>>

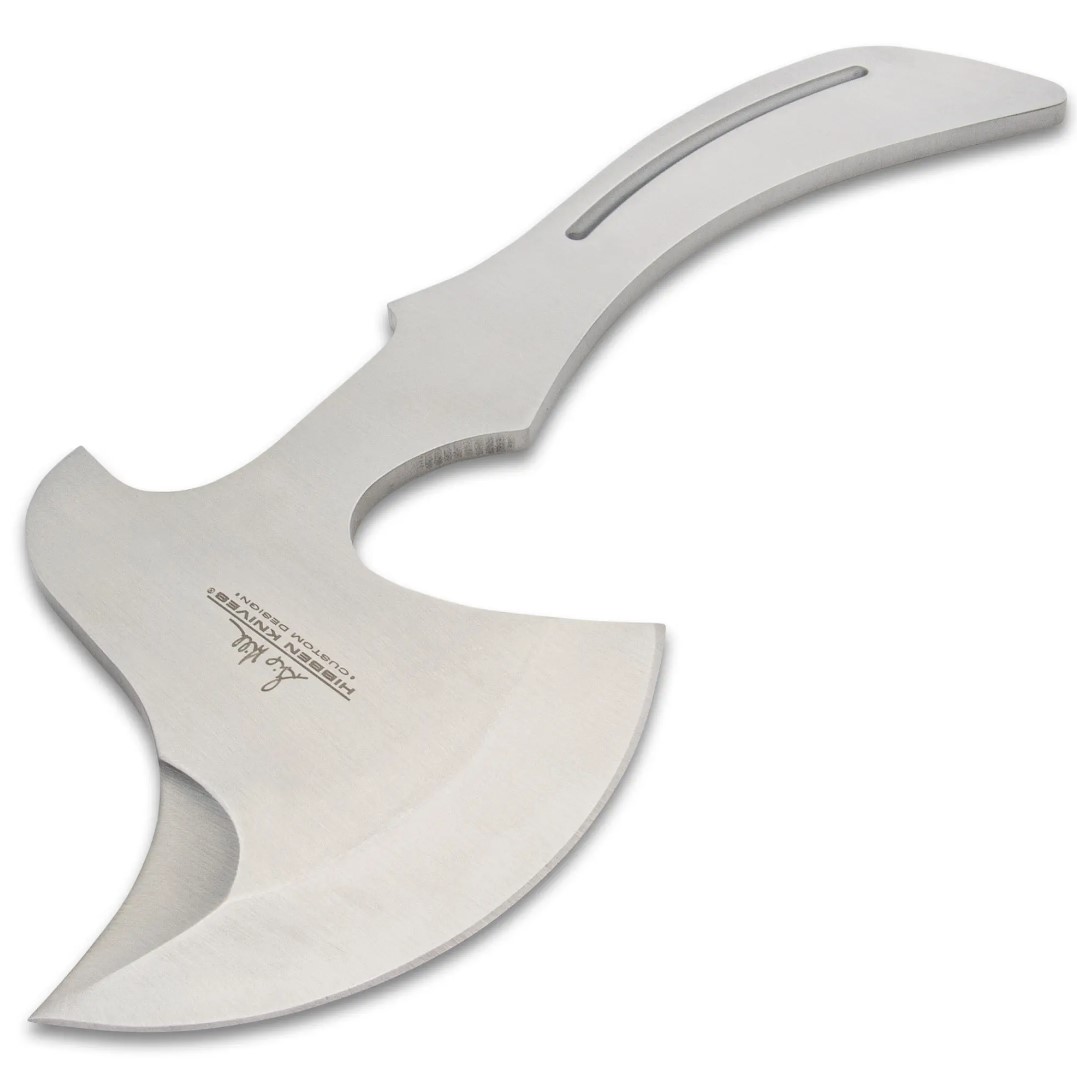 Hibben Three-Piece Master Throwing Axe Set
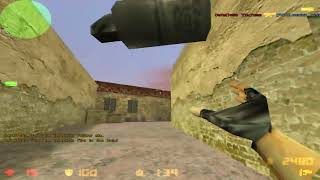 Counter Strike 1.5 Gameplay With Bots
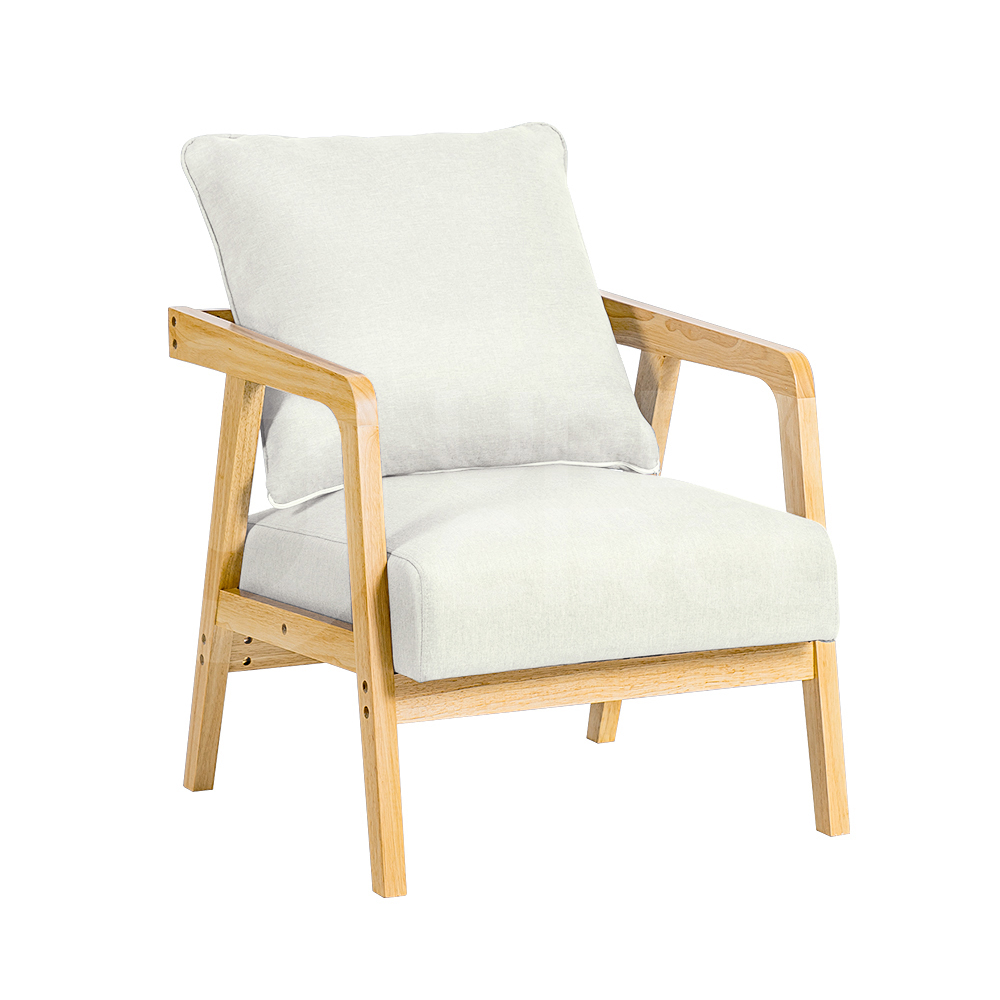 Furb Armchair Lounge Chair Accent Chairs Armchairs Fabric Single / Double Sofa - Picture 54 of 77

<<

● **WORK TO BE COMPLETED**
Line by line, reproduce the material above exactly, leaving each picture out.

● **REPLY TO THE EXERCISE**
 Hibben Three-Piece Master Throwing Axe Set
 Counter Strike 1.5 Gameplay With Bots
 Furb Armchair Lounge Chair Accent Chairs Armchairs Fabric Single / Double Sofa - Picture 54 of 77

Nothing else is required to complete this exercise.